Gönüllü
olarak tutulan oruç, örneğin, aralıklı oruç diyeti; kişisel sağlık durumuna
bağlı olarak pek çok insan için faydalıdır. Örneğin süreli açlık, şeker
hastalığı (diyabet) ve aşırı şişmanlık (obezite) gibi hastalıkları önlemeye ve
geliştirmeye yardımcı olur. Araştırmacılar bu aralar oruç tutmanın vücutlarımızdaki
pozitif etkilerini korumada bağışıklık sisteminin önemli bir rol oynadığını
keşfettiler. Yeni bulgular, oruç tutmaya dayalı daha etkili tedavilerin
geliştirilmesine yardımcı olacak.
Yakın zamanda yapılan araştırmalar oruç tutmanın, farklı
kronik iltihaba yol açan durumları iyileştirmek için bağışıklık sistemini nasıl
etkilediğini kanıtladı. Fakat bağışıklık sistemi tepkilerinin sağlıklı bir
metabolizmayı nasıl belirlediği hakkında çok az şey biliniyor. Karaciğer
metabolizmanın merkezi ve düzenleyicisi olduğundan, bir grup araştırmacı
karaciğer hücrelerinin ve karaciğerde keşfedilen bağışıklık sistemi
hücrelerinin oruç tutma esnasında birbirleriyle nasıl iletişim kurduklarını
anlamaya odaklandı. Bu araştırma; Almanya’daki Helmholtz Münih Araştırma
Merkezi, Ulm Üniversitesi, Münih Teknik Üniversitesi, Alman Diyabet Araştırma
Merkezi, Heidelberg Üniversite Hastanesi ve Güney Danimarka Üniversitesi’nin
ortak çalışmasıdır.
Bağışıklık
Sistemi Aktivitesi, oruç tutmanın metabolizmaya dayalı (metabolik) tepkisi için
önemlidir
Araştırmacılar karaciğer hücrelerinin ve bağışıklık sistemi
hücrelerinin DNA’sını, DNA’larının hangi kısımlarının aktif olduğunu ve bunun
sonucunda da hangi haberci-moleküllerin salgılandığını inceleyerek taradılar.

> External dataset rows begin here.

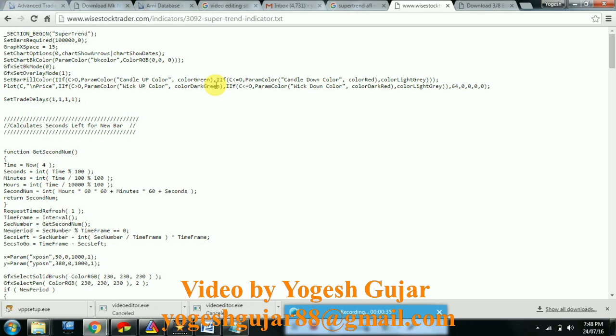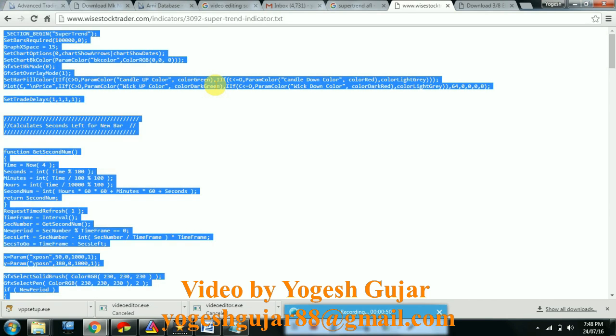You can Google it and get many AFLs. This is a Super Trend AFL from marketcalls.in. Just copy it.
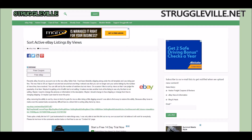Hey guys, welcome back to the Struggleville YouTube channel. I want to do a little eBay video. It seems like it's been a while since I've talked about eBay on my channel. I published a post yesterday and I thought I'd make a YouTube video to go along with it. It's about sorting your active eBay listings by views.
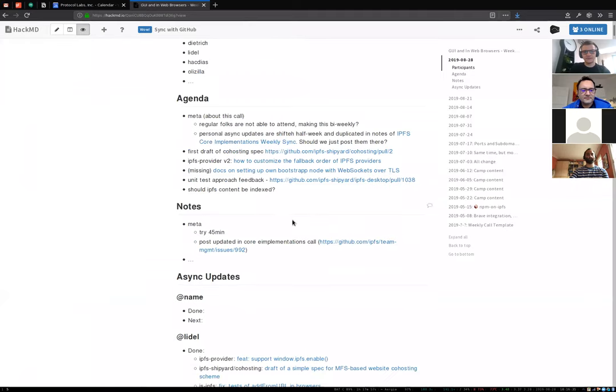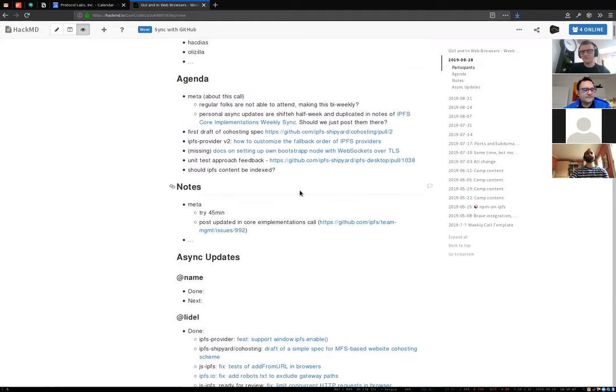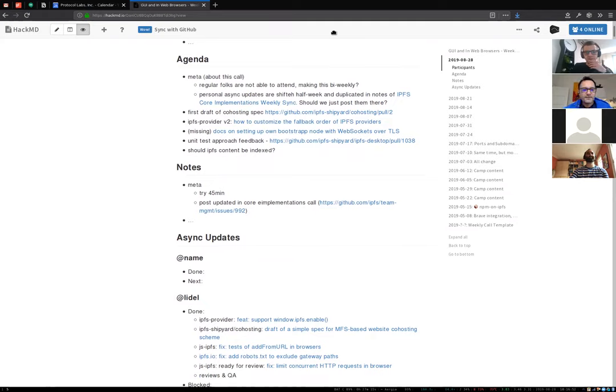Hello, welcome to GUI and Web Browsers weekly call. It's the 28th of August 2018. We are at the usual time. If you are not on the list of participants, add yourself. If you have a topic you want to discuss, add it to the agenda. We had some discussion about keeping this call shorter — maybe 45 minutes next time.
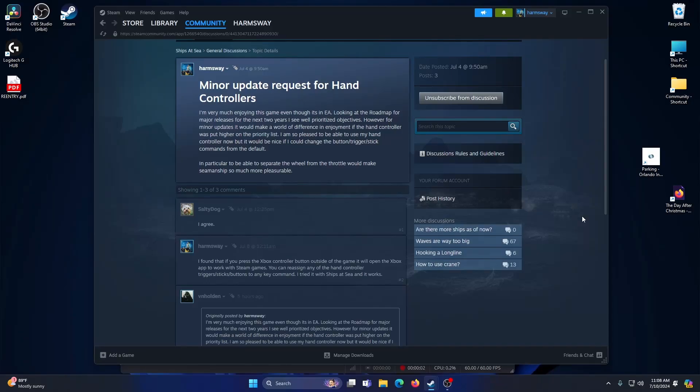Hello everybody. I'm going to go through what I do to set up a Steam game that does not support Xbox hand controller.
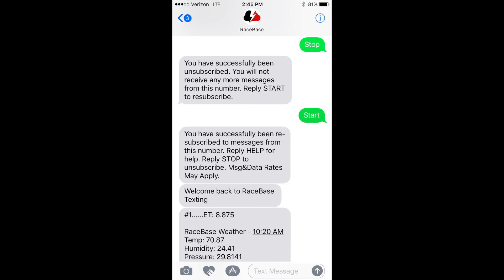When you reply STOP, it will temporarily stop the text messaging for that specific phone. Then when you get in the staging lanes and need the data again, simply text START and it will start back up. That wraps up our text messaging feature for the RaceAir Cloud.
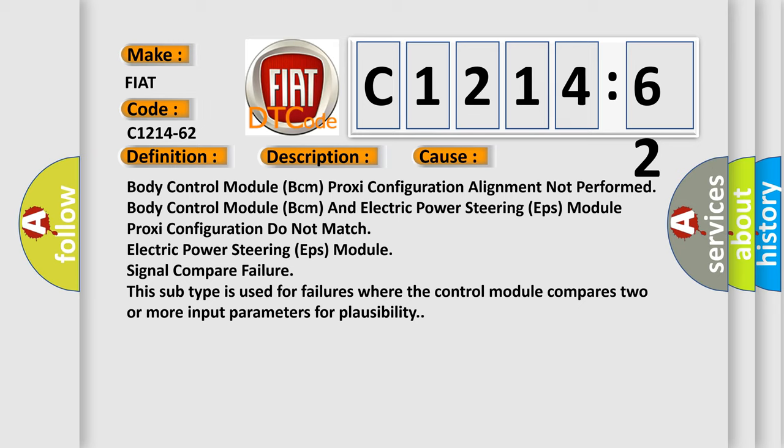This diagnostic error occurs most often in these cases: Body control module BCM proxy configuration alignment not performed, body control module BCM and electric power steering EPS module proxy configuration do not match, electric power steering EPS module signal compare failure.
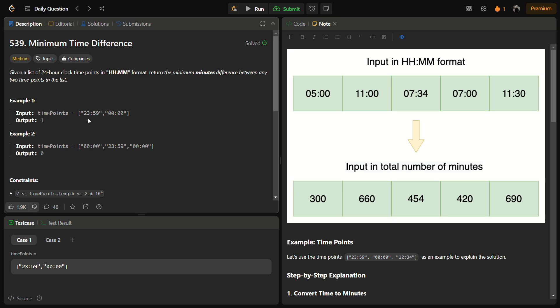But how will you compare 23:00 with 00:00, or 22:00 with 23:00? Here's what comes into play: a day consists of 1440 minutes in total. So simply convert all the time points into minutes. For example, 5:00 AM is 300 minutes from 00:00, 11:00 AM is 660 minutes, and 7:34 is 454 minutes. Hours are multiplied by 60 and then the minutes are added. After converting, sort them and compare adjacent pairs.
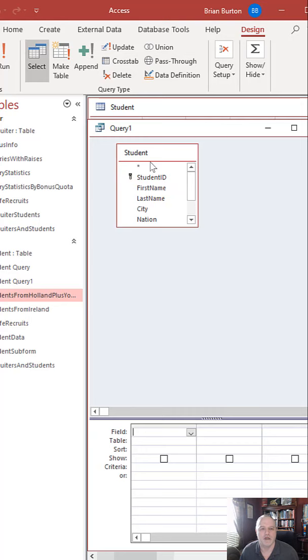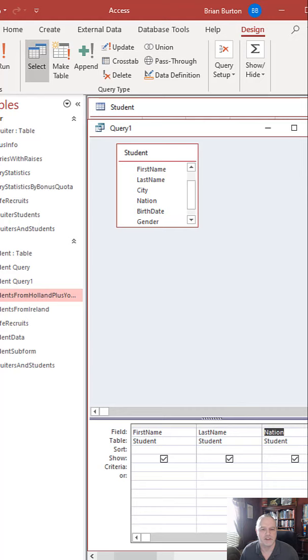Drag the fields that you want down here to the bottom field. So I'm going to go first name, last name, the nation that they're in, and we also can select the gender. So scroll over here just a little bit, select gender.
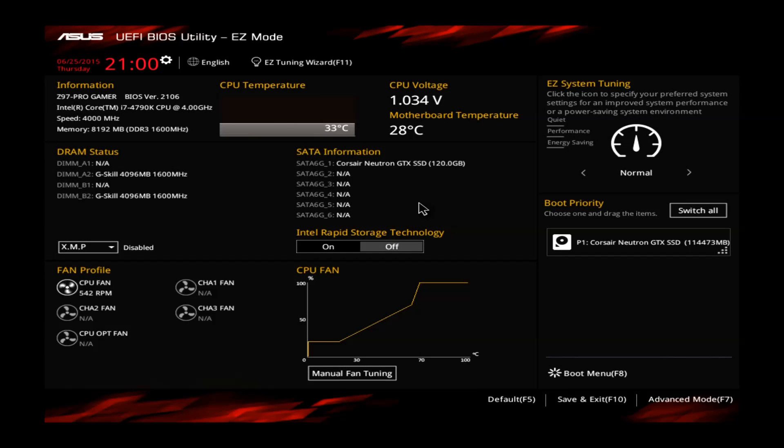Hey guys, welcome to another overclocking tutorial, this time with the ASUS Z97 Pro Gamer motherboard.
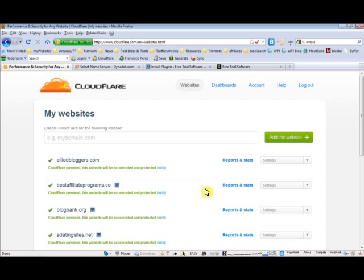Hello everybody, this is Tesco from iBlogZone. Today I will be teaching you how to set up your website to run on Cloudflare. As you know, Cloudflare is a service that allows you to improve your performance and also gives you added security.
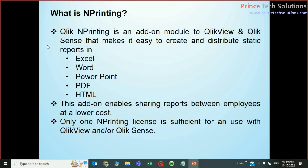nPrinting is an add-on module through which you can distribute static reports. When I say static, it means Excel, Word, PowerPoint — users cannot interact with it, but they will receive it every morning in the form of HTML as well. So why is it lower cost? Because you want to share this data to hundreds of employees; they will get a mail every morning. Definitely the license cost is saved. Only one nPrinting license is sufficient to distribute QlikView and Qlik Sense reports to any number of users.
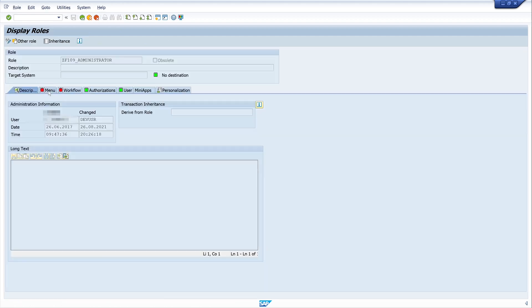Then we see two roles: first the administrator role, and second the developer role.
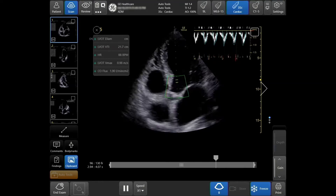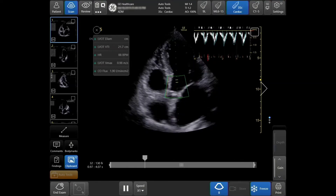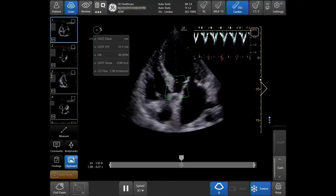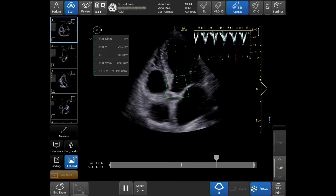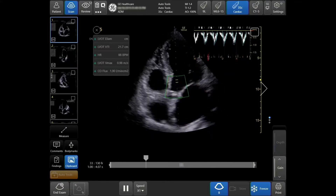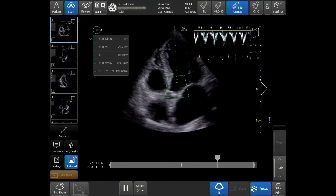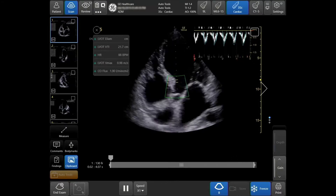Using B-mode imaging, demonstrate the LVOT by performing either a 3 or a 5-chamber apical view. Here, we are demonstrating a 5-chamber view.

Bilim insanlarının bulguları; bu hücrelerin birbirleriyle iletişim kurduğunu ve
“Glukokortikoid Reseptörü” olarak
adlandırılan, vücudumuzda neredeyse bütün hücrelerde olduğu ifade edilen
molekülün rolünü ispatlamış oldu. Helmholtz Münih Araştırma Merkezi’nden olan
Dr. Anne Loft, konuyla ilgili şunları söyledi: "Araştırma sırasında bağışıklık
hücrelerinin, bilhassa bu reseptörün oruç tutma esnasında hücre türlerinin
birbirleriyle çapraz konuşma yapmasına izin verdiğini keşfettik. Yalnızca
bağışıklık sistemindeki reseptörü silerek, karaciğer hücrelerindeki oruç tutma
sinyallerinin bozulduğunu gördük. Bu, şu manaya geliyor; bağışıklık hücreleri metabolizmadaki
oruç tutmanın etkisini direkt olarak etkileyebiliyorlar."
Ulm Üniversitesi’nden Giorgio Caratti ve Jan Tuckermann da
konuyla ilgili şunları ilave ettiler: "Aslına bakılırsa, bu süreci
sağlıklı olunan koşullarda ilk kez gördük. Bağışıklık sisteminin tepkilerinin
metabolizmamızı sağlıklı olunmayan koşullarda etkilediğini biliyorduk fakat bu
bizim için yeniydi. Bu sonuç, bağışıklık sistemi aktivitesinin düşük seviyesi
veya iltihabın (inflamasyon) oruç tutmaya karşı dengeli metabolik tepki olarak
gerekli olduğunu kanıtlıyor."
Helmhotz Münih Araştırma Merkezi’ndeki araştırmayı yürüten
Stephan Herzig de konuyla ilgili şunları söyledi: "Gönüllü olarak tutulan
orucun tip 2 diyabet ve aşırı şişmanlık da dahil bazı insan metabolik hastalıklarında
faydalı olduğu ispatlanmış oldu. Bu metabolik hastalıklardan ıstırap çeken
insan sayısındaki artış ise hayret verici. Bulgularımız, bu hastalıkların
ardındaki moleküler mekanizmaları anlamaya hizmet ediyor ve sonunda da bizleri
etkili oruç tutmaya dayalı tedavilerin geliştirilmesine yönlendirecek.”